What to Look For
Full or long-fingered gloves provide extra protection for mountain bikers or during in-between weather on the road. The short or fingerless gloves are traditionally used by road riders, keeping the fingers free. Choose gloves with breathable fabric and padded palms. Padding reduces road and trail vibration. The swatch of fuzzy fabric on the back of the thumb provides the perfect sweat wipe on the go. Fit and comfort are the most important factors. Top-named brands of gloves include Giro, Trek, Race Face, and Endura.
Too-tight gloves cause numbness in the fingers and cramping throughout the hand. Fabrics without venting or breathability result in sweaty hands, making for a very uncomfortable grip on your handlebars. Look for well-stitched seams and bound edges for a pair that will last.
Where to Buy
Sporting goods stores offer low- to mid-range cycling gloves. Bicycle stores and Internet stores tend to offer a wider range of prices and brands. Beware of buying on line. Gloves should only be bought without trying them on if you are buying an exact brand and style replacement. Otherwise, sizes vary from model and brand. Ideally, always try on cycling gloves and flex your fingers well.
A pair of cycling gloves, with fingers or without, will run from $10 to $60. Giro gloves start aroung $25 and go up. With cheaper pairs, expect less breathability and usage.

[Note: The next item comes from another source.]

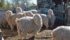 Goats at the Mountain Sunset Angora ranch are sheared twice a year.
Their fleece is prized for its warmth, durability and flame retardant qualities. | Barb Glen photo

Palm padding quality and fabrics vary greatly between the brands and the styles. Rubberized synthetic fabrics, such as neoprene, if in direct contact with your skin tend to stick when wet. Choose lycra based fabrics or other wicking material for the interior of the glove. Neoprene on the exterior with a lining provides protection from the elements.
Hands swell while riding. Choose a pair that fits a touch loose around the palm and back of the hand. The longer the duration of your rides, the more the swelling can become apparent. Well-cushioned gloves help reduce the tendency to swell by reducing the minor impacts from road vibration.